TASK DETAILS:
Quote the whole listing exactly. Leave the pictures out of your copy.

RECORDS FOR PROCESSING:
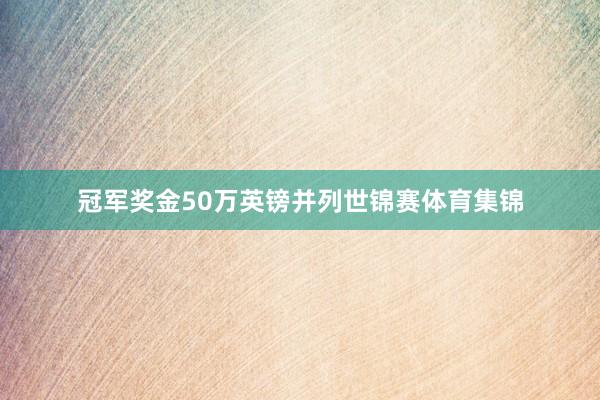 冠军奖金50万英镑并列世锦赛体育集锦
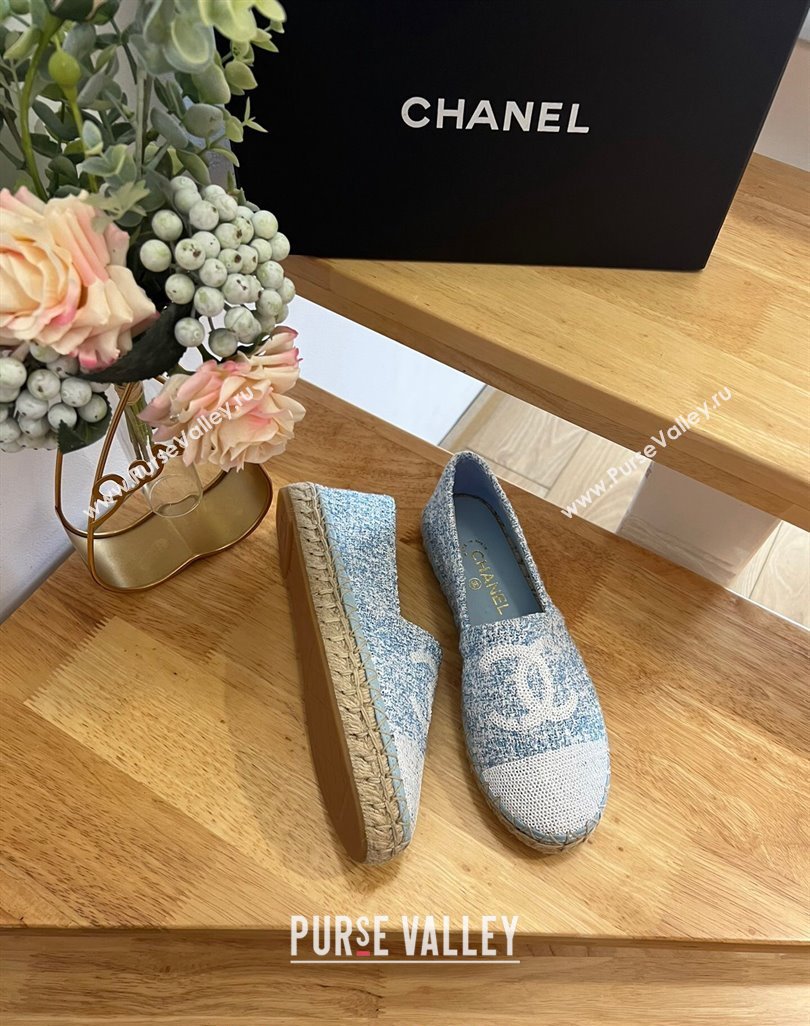 Chanel Tweed Sequins Espadrilles Flats G45602 Light Blue 2024 (HB-240424199)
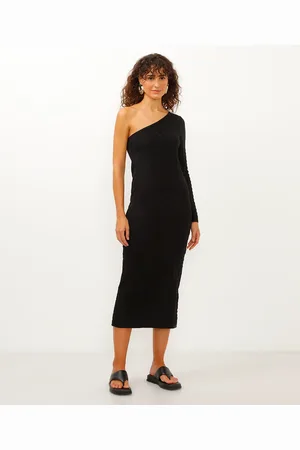 C&A Vestido midi de tricot ombro único texturizado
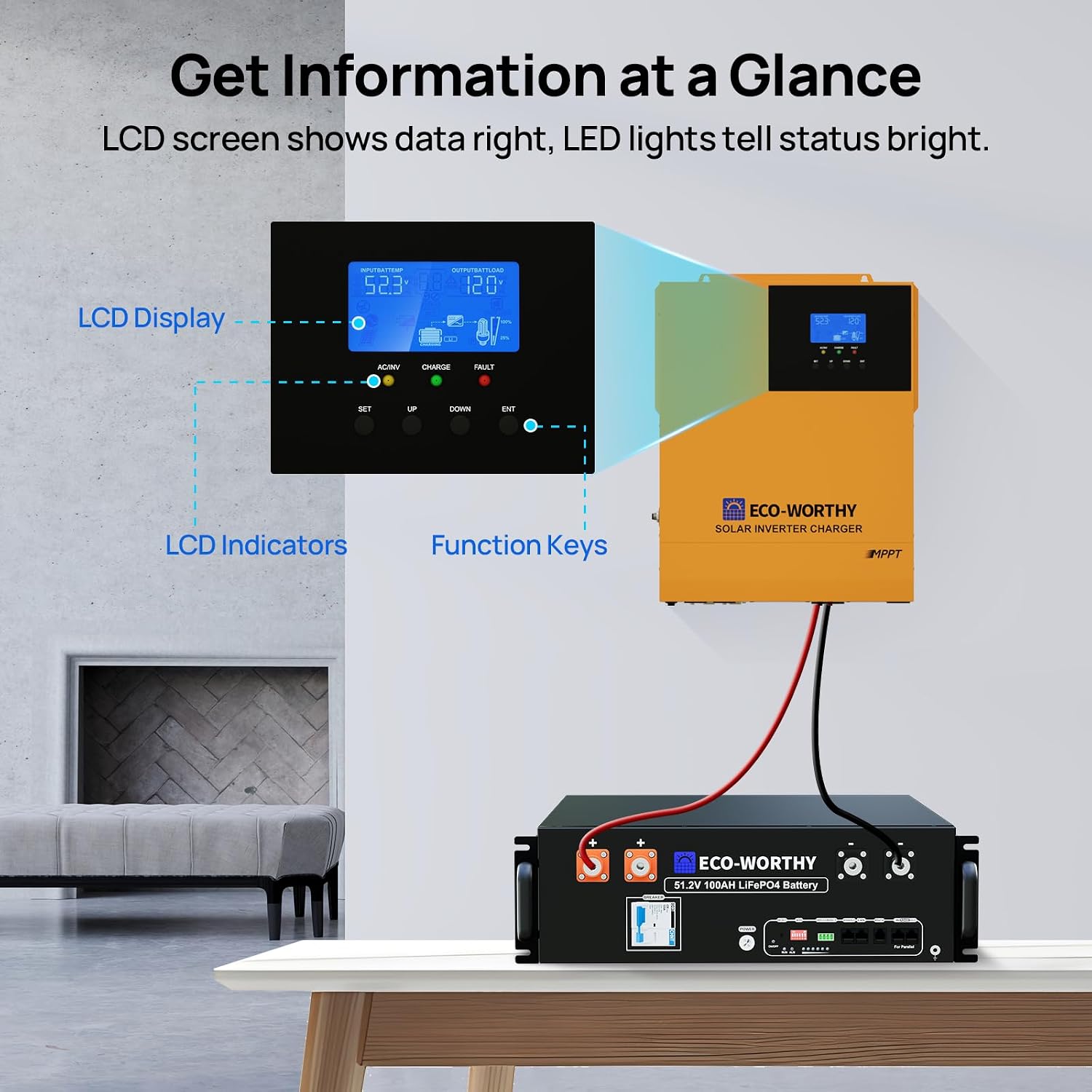 ECO-WORTHY 3500W Pure Sine Wave Solar Inverter Charger,All-in-One 48V Solar Inverter 48V DC-120V AC,80A MPPT Solar Controller,for LiFePO4/Lead Acid Battery,Off-Grid,Home Energy Storage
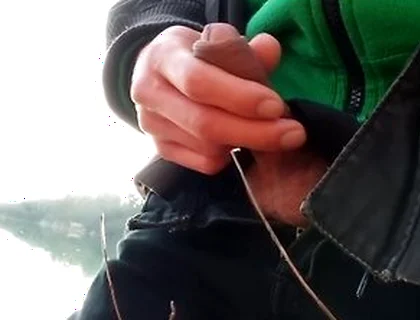 Jon Arteen Takes His Twink Penis Outside, Pees In A Lake And Suddenly Feels The Urge To Masturbate
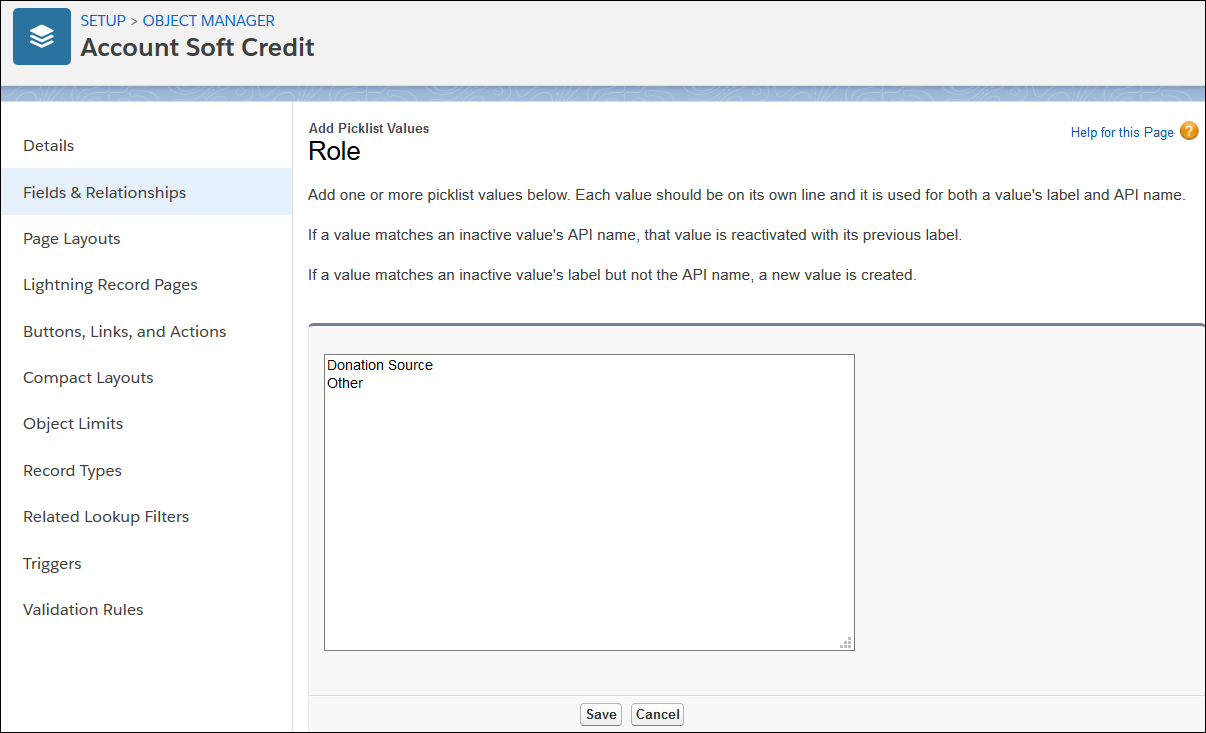 Adding new values to the Role field. Each value is on its own line.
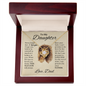To My Daughter Necklace from Dad – Sentimental Lion Message Card Gift
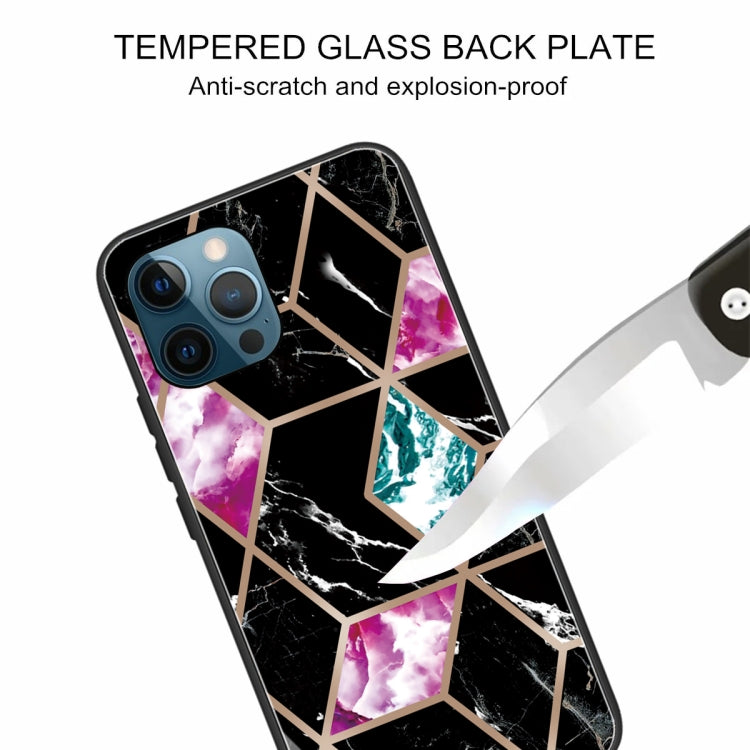 For iPhone 13 Pro Abstract Marble Pattern Glass Protective Case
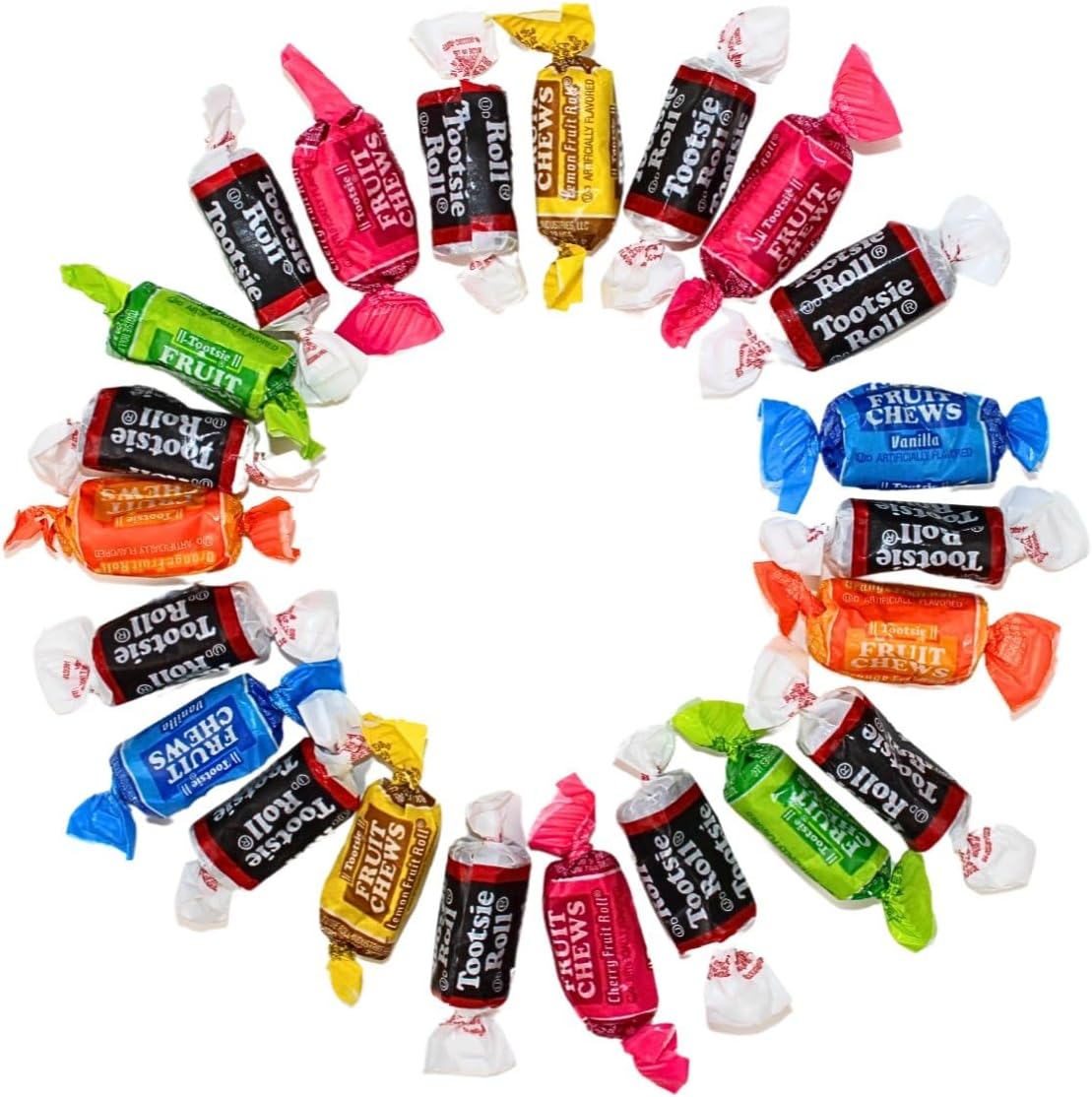 Individually wrapped mini candy chews spilled out on display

RESULT OF THIS EXERCISE:
 冠军奖金50万英镑并列世锦赛体育集锦
 Chanel Tweed Sequins Espadrilles Flats G45602 Light Blue 2024 (HB-240424199)
 C&A Vestido midi de tricot ombro único texturizado
 ECO-WORTHY 3500W Pure Sine Wave Solar Inverter Charger,All-in-One 48V Solar Inverter 48V DC-120V AC,80A MPPT Solar Controller,for LiFePO4/Lead Acid Battery,Off-Grid,Home Energy Storage
 Jon Arteen Takes His Twink Penis Outside, Pees In A Lake And Suddenly Feels The Urge To Masturbate
 Adding new values to the Role field. Each value is on its own line.
To My Daughter Necklace from Dad – Sentimental Lion Message Card Gift
 For iPhone 13 Pro Abstract Marble Pattern Glass Protective Case
 Individually wrapped mini candy chews spilled out on display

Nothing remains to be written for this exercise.